A growing number of Americans are participating in the so-called gig economy, working for companies such as Airbnb, TaskRabbit and Uber that harness the power of the Internet to offer ride-sharing, food delivery, lodging rental and many other services.
What's less clear is just how quickly that sector is growing. The question is critical because the rapid emergence of such work arrangements, most of which aren't covered by traditional wage and labor laws, point to important changes in the U.S. job market. And the answer is proving hard to come by, with estimates by experts, and even official government tallies, all over the map.
"It has become clear to me that the federal government's definitions, data collection and policies are still based on 20th century perceptions about work and income," Sen.

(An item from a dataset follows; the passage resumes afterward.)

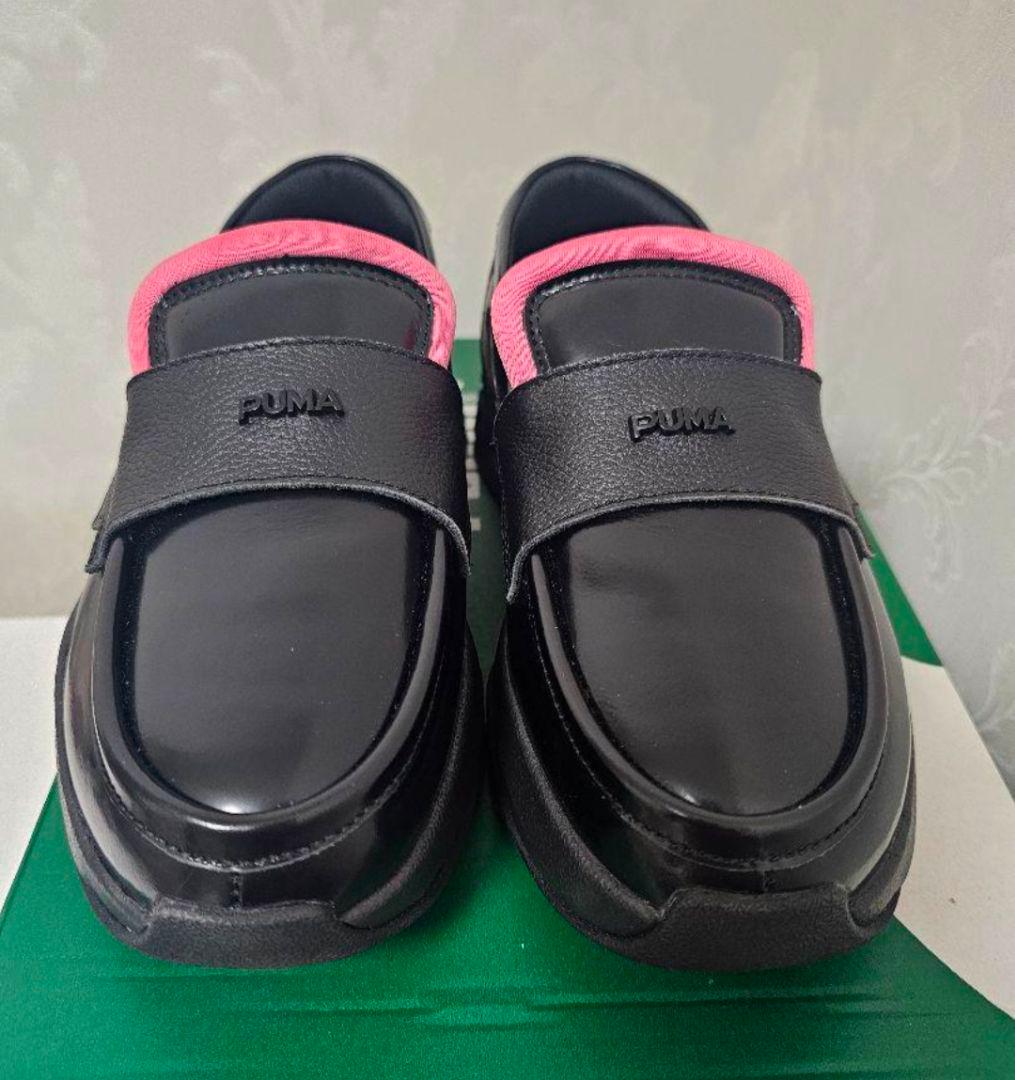 PUMA プーマ ローファー ブラック ピンク 23.5 スニーカーローファー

Mark Warner, D-Virginia, said in a recent letter questioning the U.S. Labor Department's ability to measure the gig economy. "In a 21st century economy, we need new and better information so we can understand the potential policy ramifications when more people, whether by personal choice or economic necessity, are making a living with no connection to a single employer, or without access to the safety net benefits and worker protections typically provided through traditional full-time employment."

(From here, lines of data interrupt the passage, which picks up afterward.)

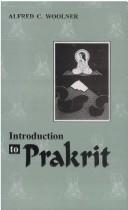 Cover of: Introduction to Prakrit by Alfred C. Woolner
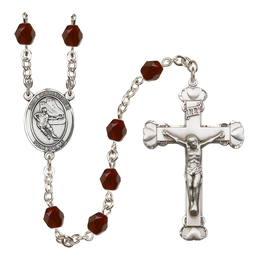 Saint Christopher/Hockey<br>R6001-8504 6mm Rosary<br>Available in 12 colors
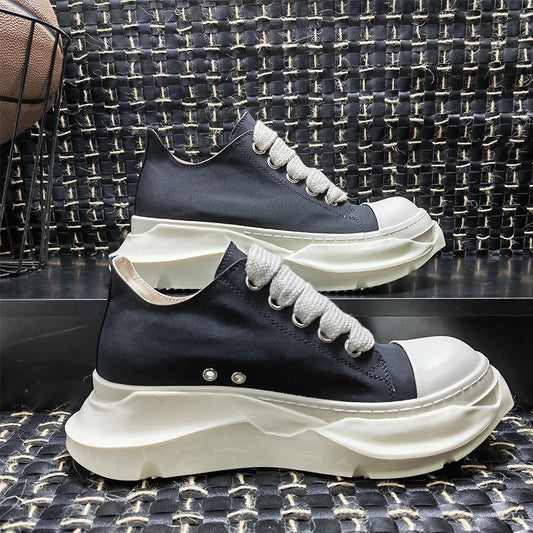 Genuine Sports White Lace Up Breathable Canvas Shoes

One survey out this week suggests that some 45 million people, or more than 1 in 5 adults, participate in the gig economy, also known as the sharing or on-demand economy. According to the poll by Time magazine, public relations firm Burson-Marsteller and the Aspen Institute think tank, 14.4 million people derive a majority of their income from the gig economy, defined as "contingent work that is transacted on a digital marketplace."
The attributes of these positions, which include flexible hours, low or no training costs, and typically an ability to start work quickly, appeal to many workers, The Brookings Institution said in an online posting. "These features have enabled gig-economy workers, including those with other jobs, to generate new income or to supplement their primary incomes during difficult times in a strained job market."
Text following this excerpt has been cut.